Lithium ion delivers a far higher output over a traditional lead acid battery - 80kW of power is delivered to the 280Nm motor without adding tonnes of weight.

At best, the Leaf offers just a 170km range in between charges (via 8-hour charges overnight at home, or as regional infrastructure allows, 30 min, three-phase quick charges). This will make it a very tough sell, even to the most eco-friendly motorist, when it hits the market next year. The technology is expensive as it is (no pricing has been released yet, but expect the Leaf to be around $60k), hence it being more relevant for businesses keen to be portrayed as caring greenies, rather than cost effective family transport. That’s to be expected however; all technology starts out expensive. It’s development and ongoing reductions in cost are driven by early adopter sales and the good news is, while oil-based energy is becoming more expensive, electric energy is becoming more affordable.

Also to be expected are the weird, futuristic looks, but beneath the styling, the 95% recyclable Leaf is pleasingly every bit as normal as a Qashqui. Luggage capacity is very acceptable, five adults can sit inside comfortably, there’s five-star safety and you can connect your phone and iPod, thanks to that ground up EV build philosophy, there is no compromise to the interior space. While the range performance has, er, a long way to go, acceleration is a suitable rival for the typical compact hatch offerings. In fact ,if this was a two-litre petrol car acceleration would be arguably class-leading.

From outside the vehicle there’s a faint artificially-generated hum that’s made louder at lower speeds for the benefit of the blind, that relatively silent and potent performance where peak torque is developed instantly is more than just a novelty.
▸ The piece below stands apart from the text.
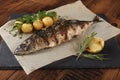 Fried mackerel fish stuffed with lemon Royalty Free Stock Photo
I quite like it. But like moist Kiwis, I won’t be buying one. My mileage requirements exceed what EVs are currently capable of, for now the whole of life costs of an affordable petrol hatchback make more sense and unlike a corporate with a big fleet, I have no need for buying and flouting my environmental credentials. Make no mistake, you’re looking at the future and Nissan’s Leaf EV is the least compromised yet. But for now, I’m OK plundering the Earth’s resources and still having money to eat, thanks.